Michael P. Berman wanders the terrain of the American West and Mexico Norteño. He was awarded a Guggenheim Fellowship in 2008, and his photographs are included in the collections of the Metropolitan Museum of Art, the Amon Carter Museum, and the Museum of New Mexico. In 2013, he was honored with the Governor’s Award for Excellence in the Arts in New Mexico. Michael’s work has been published in several books, including his most recent title, Perdido: Sierra San Luis. In 2012 The Museum of New Mexico Press published his work in Gila: Radical Visions; The Enduring Silence. Michael lives in Silver City and has continued to photograph extensively in the Gila Wilderness, the first designated wilderness in the Americas.

From Wildness to Wilderness and Back Again: A Wilderness Turns 100

Summary

On June 3rd, 2024, the Gila Wilderness in southwestern New Mexico, the world’s first capital “W” wilderness, turns 100 years old. It is remarkable that such a radical and transformative idea was accepted and enacted—a full 40 years before the Wilderness Act was passed, not long after the turn of the 19th century. Through the visionary leadership of Aldo Leopold, the United States Forest Service created the “gold standard” of landscape protection and set the country on a trajectory to reconsider what public lands were for, beyond resource extraction and industrial uses. But 100 years later, how does the idea of wilderness exist and persist in the American imagination? How are we learning to re-vision wild landscapes in a way that allows for integration of ecosystem suffering and biodiversity collapse, while also envisioning resilience and cooperative regeneration? The Gila Wilderness offers an opportunity to “see” wildness and wilderness in a new way. It allows for a dismissal of human-centered ideas of beauty, and asks us to look deeper. With the help of Michael Berman’s astute photographs of the Gila, we’ll explore how conservationists and artists alike are reimagining how we see wilderness, what makes a landscape beautiful, and why the Gila continues to teach us about the dynamic and often surprising unfolding of truly wild places.

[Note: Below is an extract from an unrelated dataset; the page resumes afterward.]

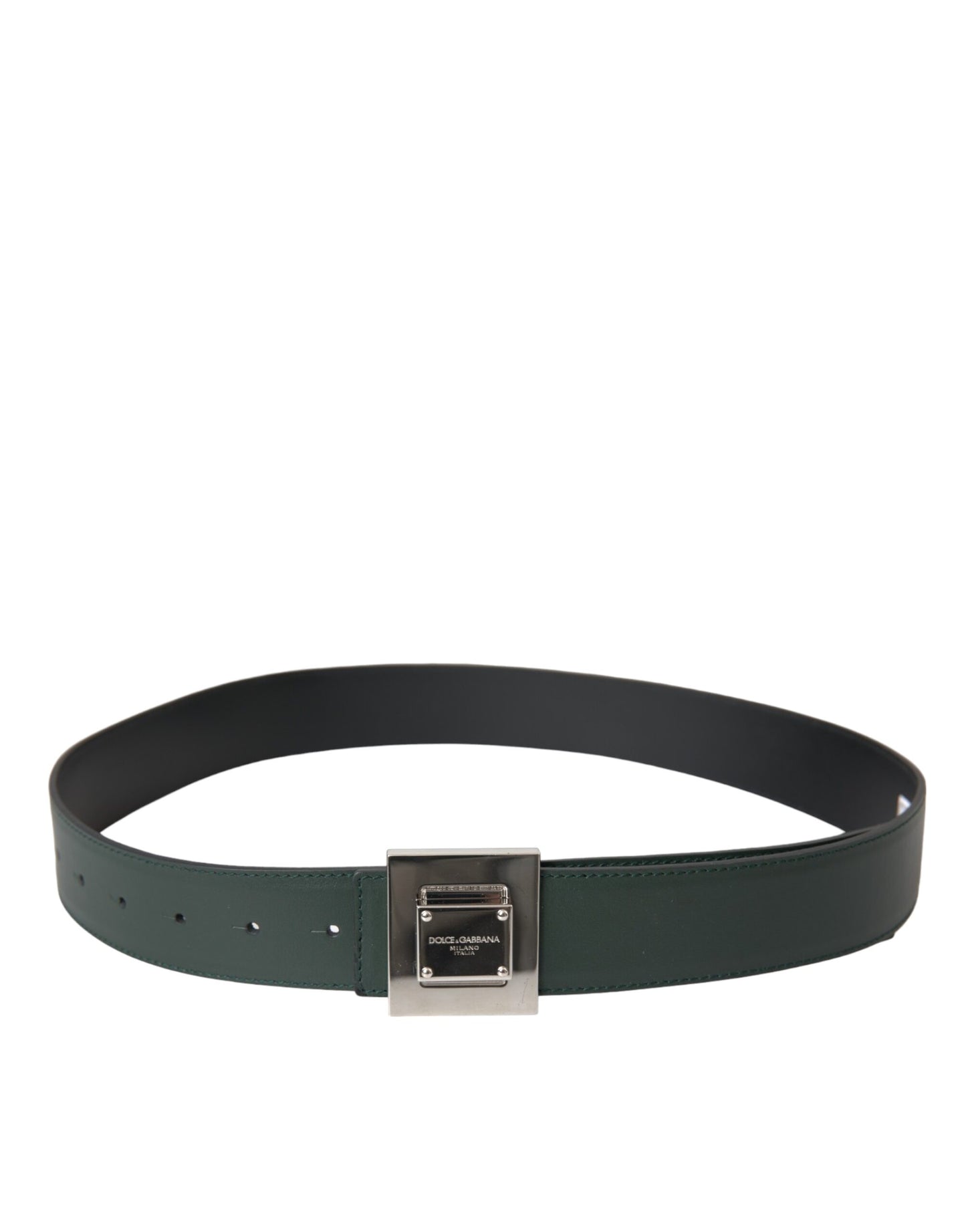 Dolce & Gabbana Green Calf Leather Square Metal Buckle Belt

Creative Santa Fe Treasurer Matt Smith

Matt Smith  |  Wilderness & Uncertainty

In Wilderness & Uncertainty, Matt Smith reflects on what draws us to wilderness, what happens when we get lost in the backcountry, and who comes to save us.

Bio

Raised in Montana and now residing in New Mexico, Matt Smith spends his seasons fishing, hunting, trail running, climbing and snowboarding in the backcountry. After years of wondering — “What happens when I get injured back here?” — Matt joined Atalaya Search & Rescue, a Santa Fe-based technical search and rescue team with over two decades of experience serving Northern New Mexico. When he’s not in the backcountry, Matt works as the Managing Director of MASS Design Group, an international nonprofit that leverages design to advance justice, equity, and dignity.

Matt Smith presents Uncertainty and Wilderness at PechaKucha Night Santa Fe

Summary

Our daily routines provide certainty; wilderness presents an alternative. We are drawn to wilderness for everything that our daily lives are not. But what happens when wilderness does what it’s best at? What happens when our plans don’t work out exactly as we thought?

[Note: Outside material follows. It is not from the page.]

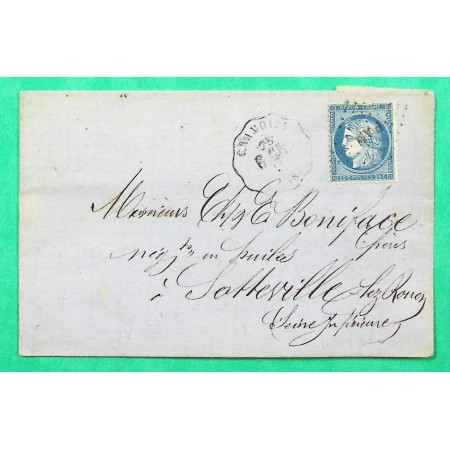 N°60A CONVOYEUR STATION CRAMOISY OISE LIGNE B.CR POUR SOTTEVILLE LES ROUEN SEINE INFERIEURE 1873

PechaKucha Night Santa Fe presenter Kenny Mann

Kenny Mann  |  Maasai On The Edge Of The World

Author, educator, documentary filmmaker and activist Kenny Mann explores Western notions concerning “untrameled land”—wilderness—versus the notions of land use of the Maasai people of Kenya in Maasai on the Edge of the World.

Bio

Kenny Mann was born and raised in Kenya, where her parents had arrived as Jewish refugees from Eastern Europe in 1942. In 1968, she graduated from the University of Nairobi with an undergraduate degree in Zoology, Botany and Chemistry. Kenny also studied filmmaking at Bristol University, UK, and earned a Masters Degree in Education from Manhattan’s renowned Bank Street College. She has worked as a documentary film researcher, a scriptwriter, and a filmmaker. Her work as a freelance journalist has been published in many German outlets, including Die Zeit. As an educator Kenny has taught in schools in Kenya, India, and the US, where she moved in 1982.  She has developed curriculum for all age groups, authored eight books for younger readers, and made eight documentary films.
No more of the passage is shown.